Say this to any AI researcher who has done work in the past 5 decades. See what happens.
The problem is to many peoples jobs are to easy and highly specialized. They don't require strong AI - just good enough "dumb" algorithms, and we're getting really good at those. Doing paperwork by strict specifications. Driving a truck from point A to B. Assemble a circuitboard from a blueprint. As long as you keep a handful of humans in the loop incase something unexpected happens, this is all stuff robots can do today.
In all honesty I have no idea. Would they laugh and say that "no way AI needs another 20 years"? Or would they say it's only a few years until everyone working with their hands is out of work? Kudos on the pretentious reply btw.
Imagine a 24-hour fast-food restaurant that employs several people at minimum wage. A robot could work all 3 shifts around the clock nonstop, not require much space, and be "trained" in new types of food preparation with an instantaneous software upgrade.
My economics professor once said he'd heard that if minimum wage got up to $20/hour, it would be cheaper for McD's to use robots. This is changing the other side of the equation.
Now suppose these things manage to run at a 80% duty cycle. That way, they run for around 130 hours a week, replacing 2.5 workers. Those workers make, say, about 2.5 x $1000 = $2500 a year, for a gap of 10:1.
I do not think it will take a decade to close that gap. Firstly, you can design your factory for robots; get rid of most toilets, lunch facilities, walkways, etc. Also get rid of 90% of your huge HR staff (which is huge due to high personnel turnover). Pay the high-tech workers who do robot maintenance from the salaries of the toilet cleaners, restaurant personnel, etc, you got rid of.
Also get rid of the non-billable hours you have now that you spend training personnel on producing this month's product.
I think there will still be a large margin, especially since these things eat power (1.5kW per robot adds up) and since these robots may work slower than the humans they replace.
Decades, however, is a long, long time.
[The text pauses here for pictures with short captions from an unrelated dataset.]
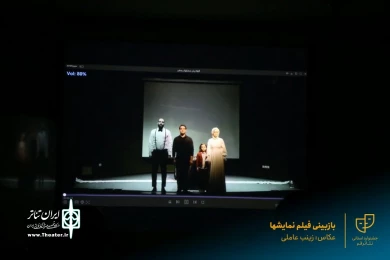 بازبینی فیلم نمایشهای بیست و دومین جشنواره استانی تئاتر قم / آبان 1400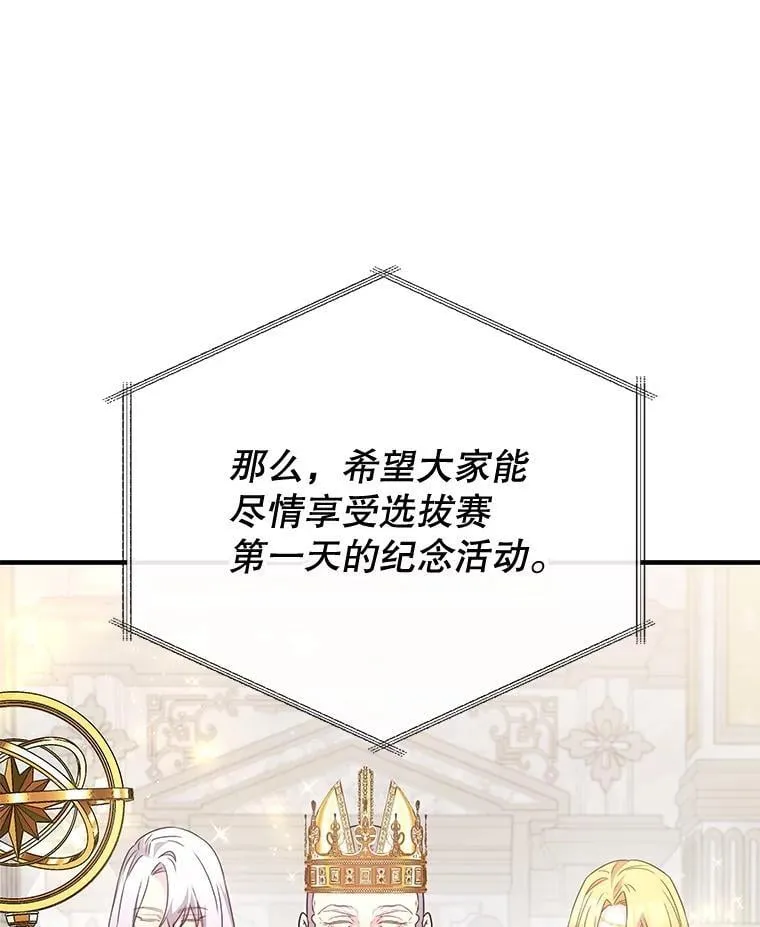 44.钻空子 第26页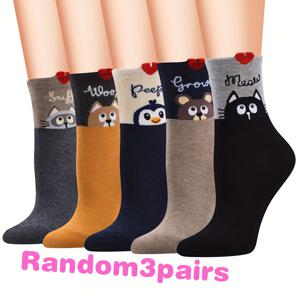 TEMU 랜덤 3켤레 만화 동물 패턴 양말, 신상 편안한 업그레이드 양말, 트렌디한 다용도 양말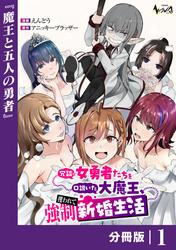 冗談で女勇者たちを口説いた大魔王、攫われて強制新婚生活【分冊版】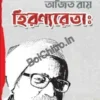 Hiranyaretah || AJit Ray || হিরণ্যরেতাঃ || অজিত রায়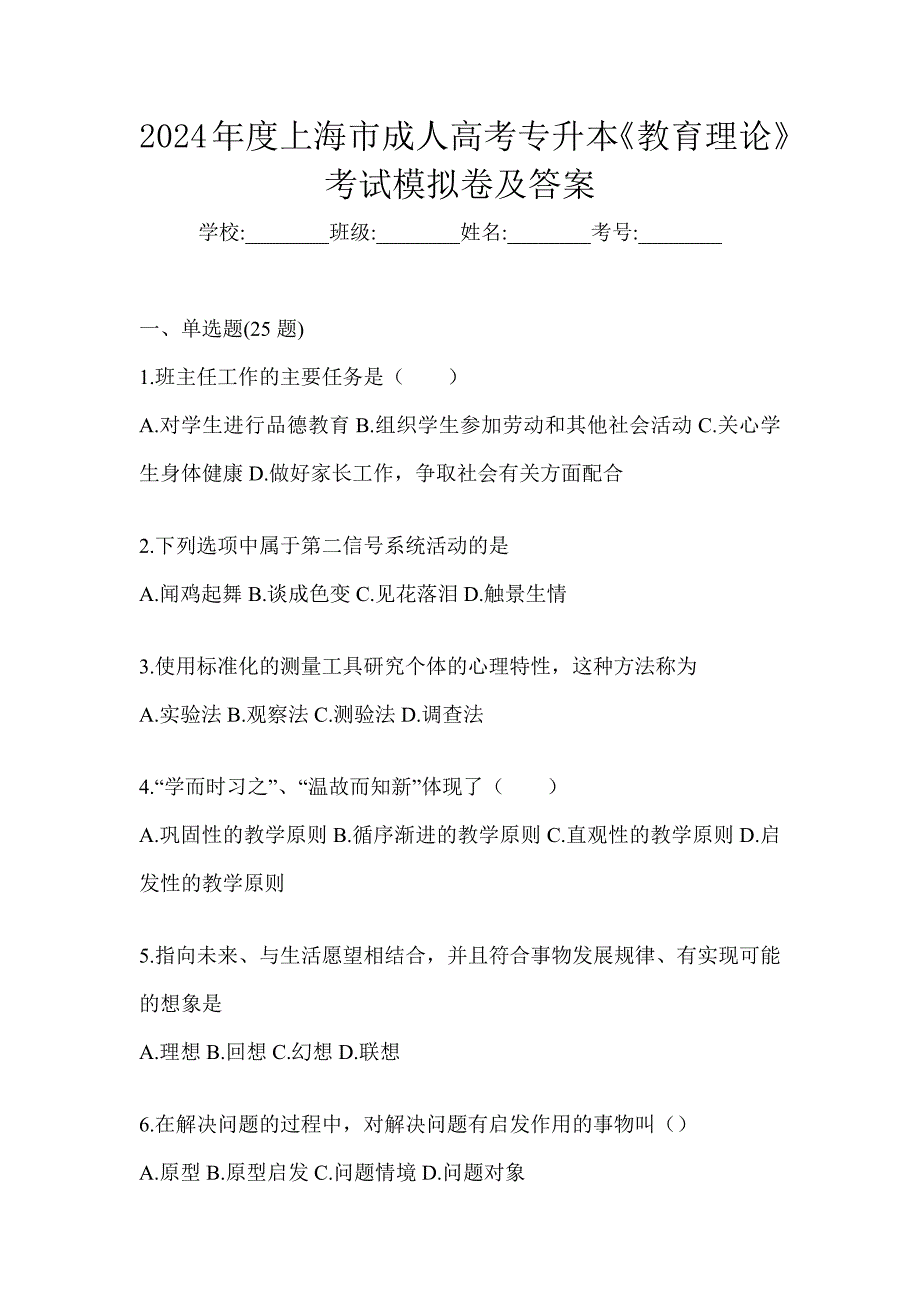 2024年度上海市成人高考专升本《教育理论》考试模拟卷及答案_第1页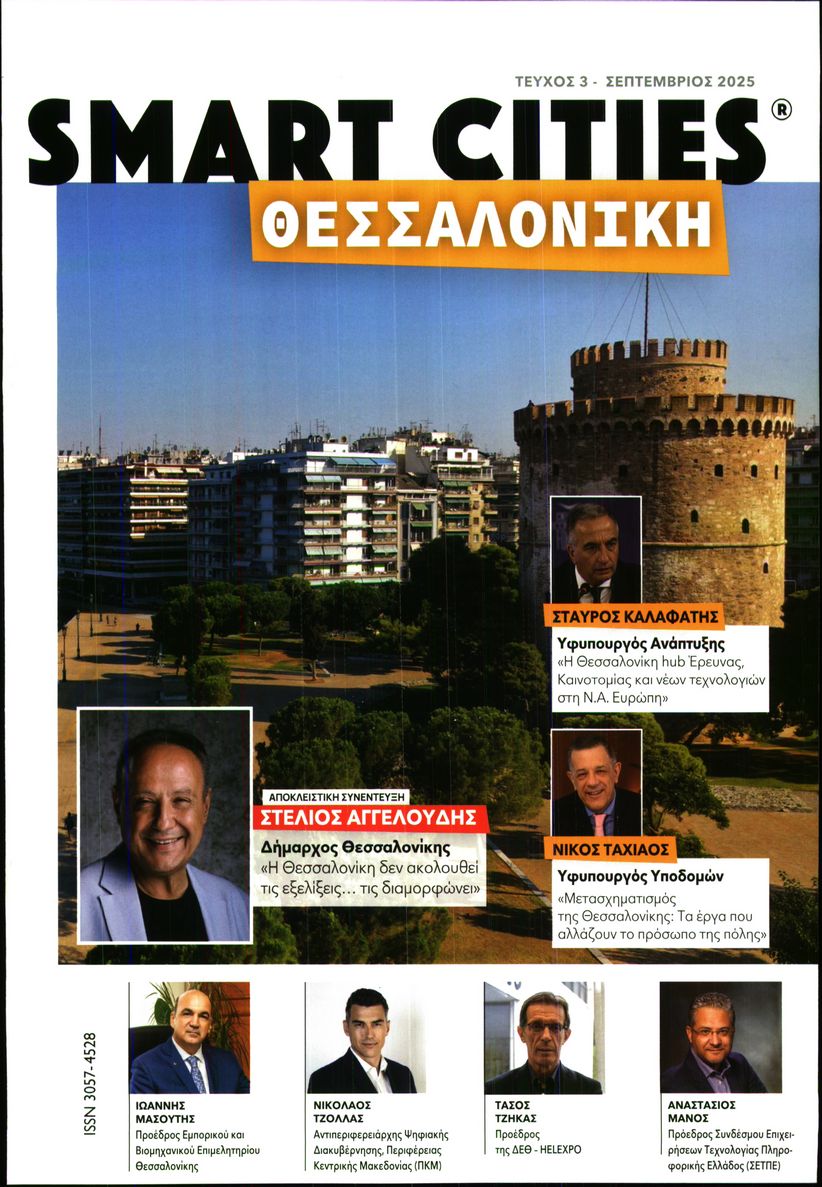 Πρωτοσέλιδο εφημερίδας ΑΠΟΓΕΥΜΑΤΙΝΗ ΚΥΡ_ΕΙΔΙΚΗ ΕΚΔΟΣΗ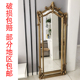 复古全身壁挂大穿衣镜试衣镜理发美容挂镜玄关服装 欧式 新款 店镜子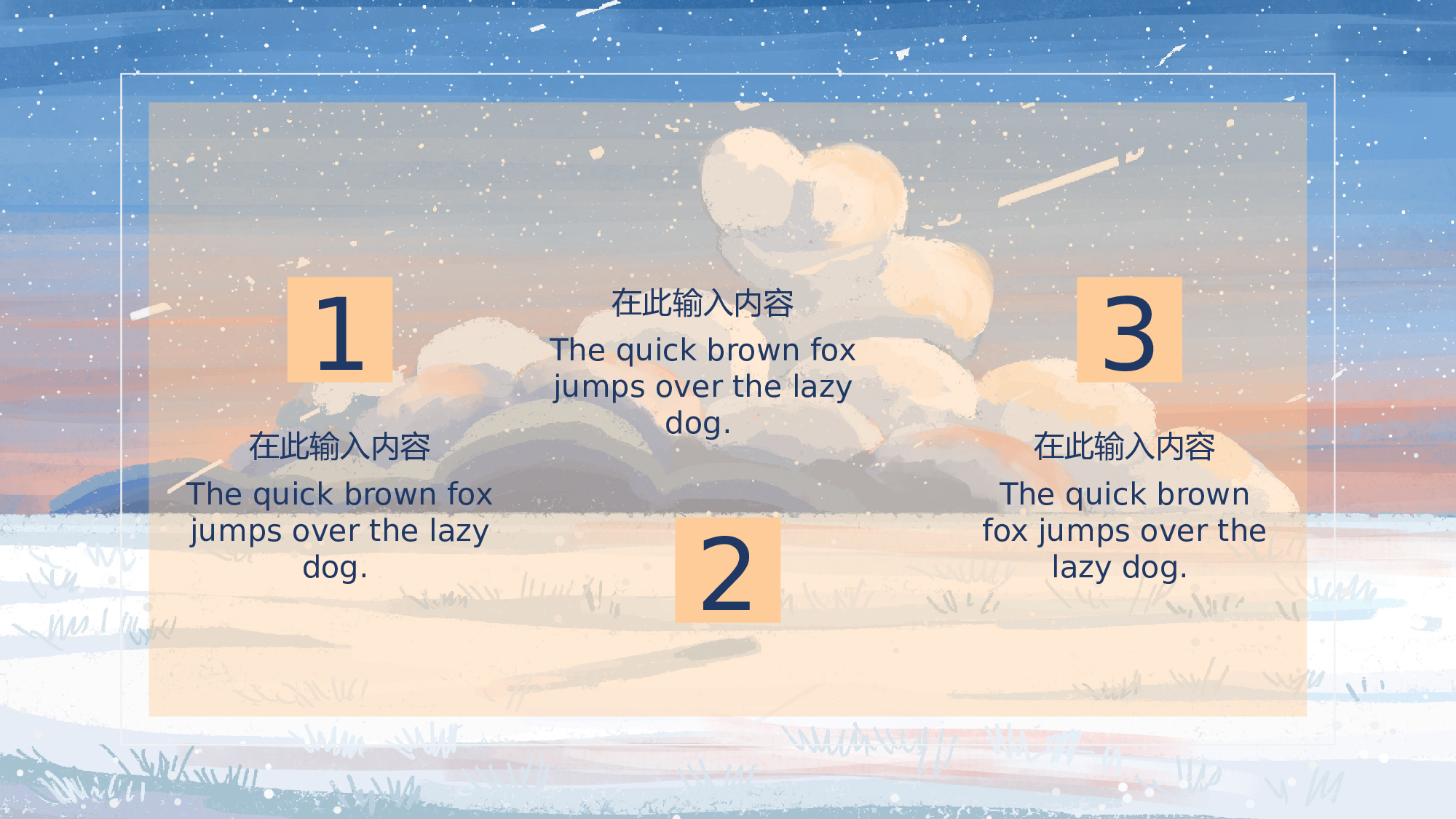 治愈系 33.pptx 第6页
A single decade is a factor of 64 in Moore's law, so power usage will decrease to about 80W (for the robot) + 1500W/64 (for control hardware) ~= 100W in a decade. Alternatively, some of the extra CPU power, could, conceivably, be used to speed up these robots.
Wages in China and India are growing. There are places with lower wages, but the infrastructure for major industry isn't always there.
Correction: Automation poses a real threat to everyone
If we didn't have all the automation we have today, our lives would suck.
The only ones threatedned by automation are those who are unwilling to get a different job.
http://news.nationalgeographic.com/news/2009/04/090402-robot... http://news.bbc.co.uk/2/hi/health/131697.stm
My personal thoughts are that communism is merely the next step after capitalism (after discovering fusion and fabricating nanotechnology), however I don't think/hope it will play out as it had before in Russia.